Convention E – Custom Setting

Custom Setting Label – Pluralised in all cases (e.g. Data Sources). No “Setting[s]” suffix.

API Name – List Settings
– [Data entity that each list entry represents]ListSetting__c

Each record represents an individual entry and as such singular naming is applied, as per objects.

e.g. Analytic Views – AnalyticViewListSetting__c
e.g. Data Sources – DataSourceListSetting__c

API Name – Hierarchy Settings
– [Function of the settings]Settings__c

Each record represents the same set of settings applied at different levels. In concept this differs from objects and list settings, the plural naming reflects this.

e.g. Org Behaviour Settings – OrgBehaviourSettings__c
e.g. My App Settings – MyApplicationSettings__c

Convention F – Workflow Rule
Always separate the condition from the outcome when configuring workflow. The Workflow Rule is the condition, the associated Actions are the outcome. In many cases the 2 become entwined resulting in duplicated rules, or rules with actions unrelated to the stated purpose of the rule. A clear set of rules related to conditions promotes re-use.

[Object]: [Criteria Description i.e. Condition]
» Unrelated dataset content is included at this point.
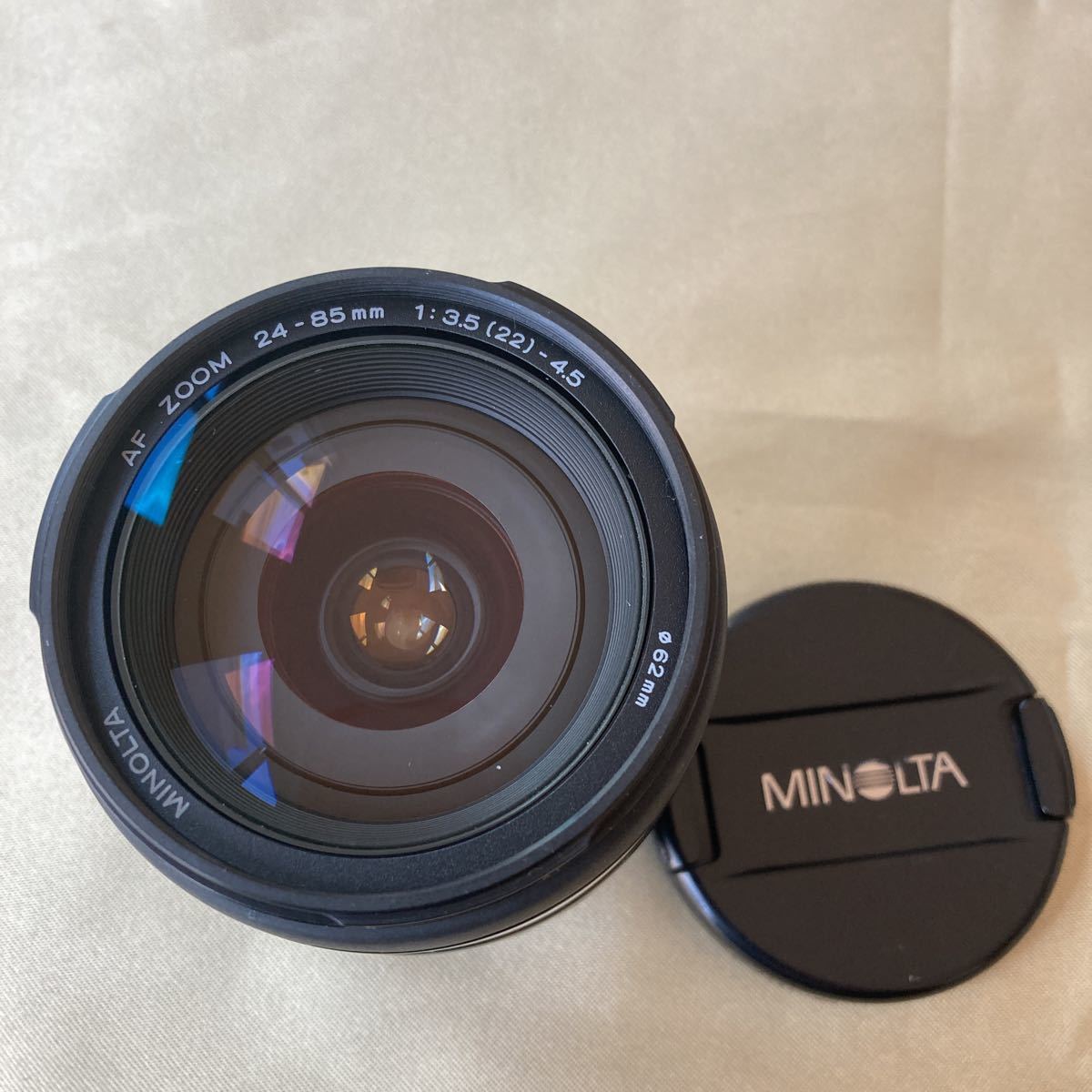 美品 ミノルタ Minoltaα-9 / AF ZOOM 24-85mm F3.5-4.5 #9655-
Convention G – Workflow Action

Field Update –
[Object]: Set [Field] to [Value]

Email Alert –
[Object]: Send [Template short description]

Task –
[Object]: [Task Subject]

Convention H – Sharing Rule

OBS: [Object] [From selection] to [To selection]
CBS: [Object] [Criteria] to [To selection]
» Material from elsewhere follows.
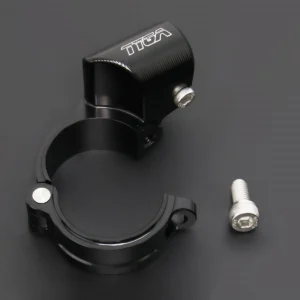 Handlebar Clamp, Right, Hinge Type, Black, Ninja ZX-4R(R)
Convention I – Custom Report Type

[Primary Object] with [Child object]s [and [Grandchild object]s]

Convention J – Custom Label

Define sensible categories for the labels. e.g. UI Button Label, UI Text, UI Error Message etc.

Name = [Category with underscores]_[Value with underscores] e.g. UI_Button_Label_Proceed
Category = [Category with underscores] e.g. UI_Button_Label
ShortDescription = [Category] [Value] e.g. UI Button Label Proceed
Value = [Value] e.g. Proceed

Convention K – Validation Rule

Single field :
[Field Label] [rule applied]
Mailing City Is Required
Start Date Must Be a Weekday

Multiple fields :
[Field grouping term] [rule applied]
Billing Address Must Be Complete

Cross object :
[Object Name] [Field Label] [rule applied]
Opportunity Stage Is Closed No Edit Of Opportunity Products

Convention L – Publisher Action

[Verb] [Noun]
New Invoice
Update Order
Alert Executive Team

Convention M – User Profile

[[Job Function] | [Department] | [Company]] [[User] | [System Administrator]]
Accounts Payable User
Marketing Executive User
Acme System Administrator

Convention N – Permission Set

Single Permissions :
Name must match the permission assigned.
Case Feed
Manage Dashboards
Manage Public List Views

Simple Combined Permissions :
[Verb] [Noun]
Manage Invoices

Combined Permissions :
[Feature Area Descriptor] [User Type]
Work.com Administrator
CloudInvoices User
Knowledge Contributor

Convention O – Public Group

[Grouping term] [[Users] | [Members]]

EU Users
Sales Users
HR Users
Project A Members

Convention P – Reports and Dashboard Folders

[Grouping term] Reports (adhoc reports related to a specific department, team, project etc.)
[Grouping term] Dashboard Reports (best practice to isolate dashboard reports in clear location)
[Grouping term] Dashboards

Finance Reports
HR Dashboards
HR Dashboard Reports

Note – the [Report Description] attribute for Reports must always be populated appropriately. A self describing configuration is key to future maintenance.